◆ Your instructions
Once the pictures are set aside, reproduce the remaining data exactly.

◆ Material provided

————————

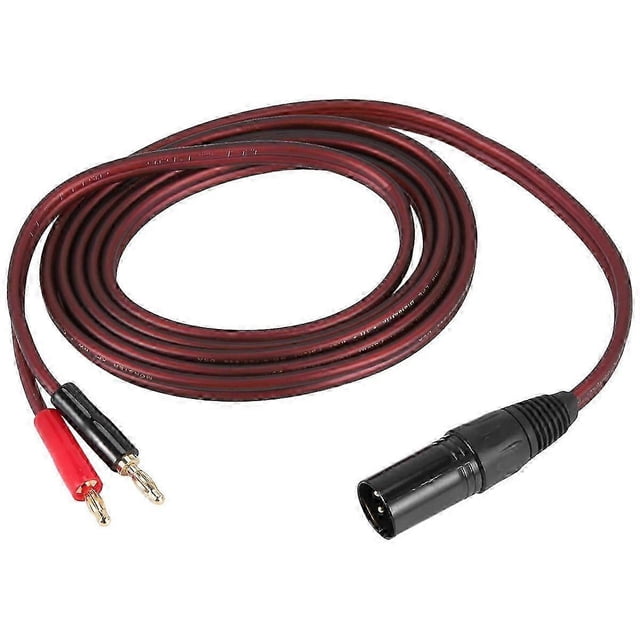 Cable de altavoz XLR a banana, cable de audio XLR macho de 3 pines a conectores banana dobles, conector chapado en oro de 4 mm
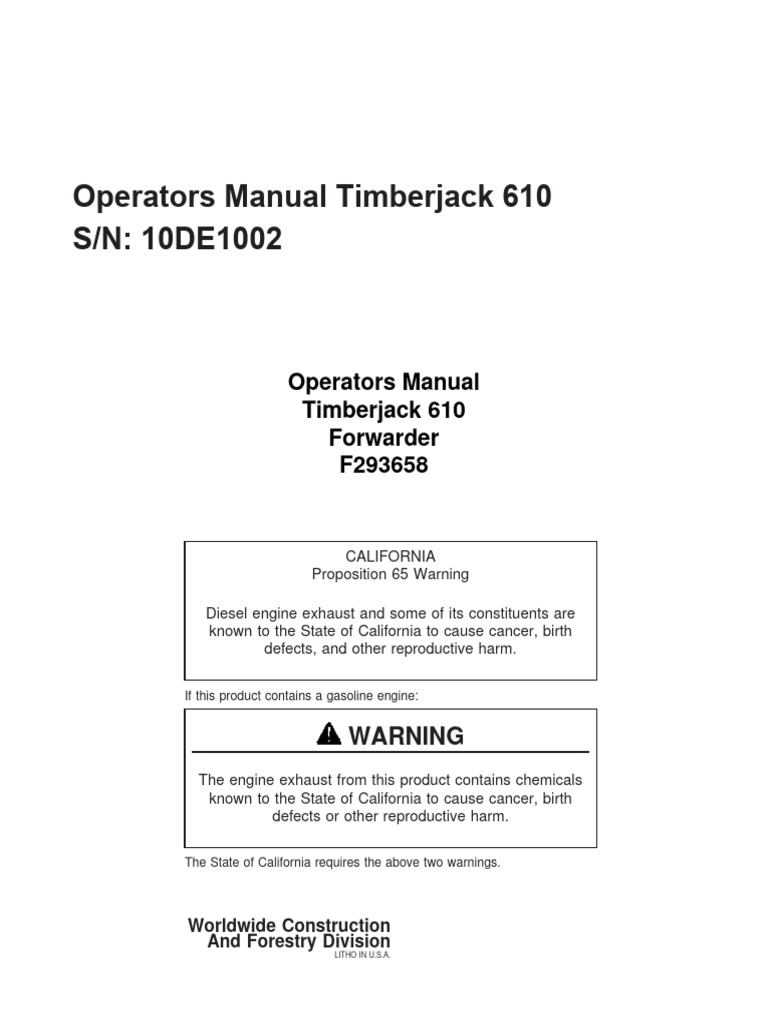 Timberjack 610 Operator's Manual | PDF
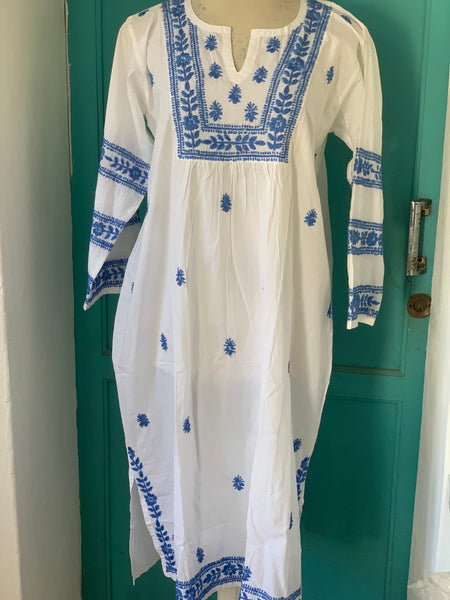 Mumbai  dress white with hand embroidery in sky blue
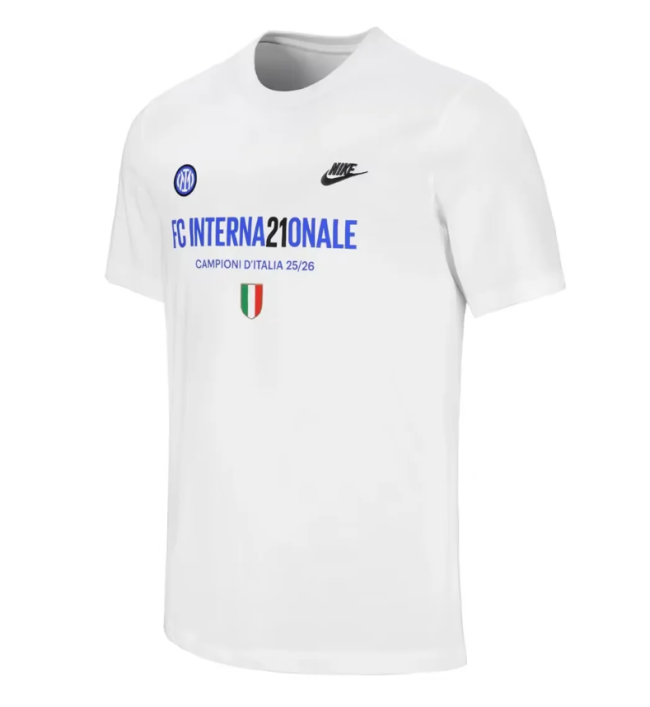 Inter Milan 2025/26 Serie A 21st Champions T-Shirt - Men's/Women's Cotton Fan Tee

————————

◆ Task result
 Cable de altavoz XLR a banana, cable de audio XLR macho de 3 pines a conectores banana dobles, conector chapado en oro de 4 mm
 Timberjack 610 Operator's Manual | PDF
 Mumbai  dress white with hand embroidery in sky blue
 Inter Milan 2025/26 Serie A 21st Champions T-Shirt - Men's/Women's Cotton Fan Tee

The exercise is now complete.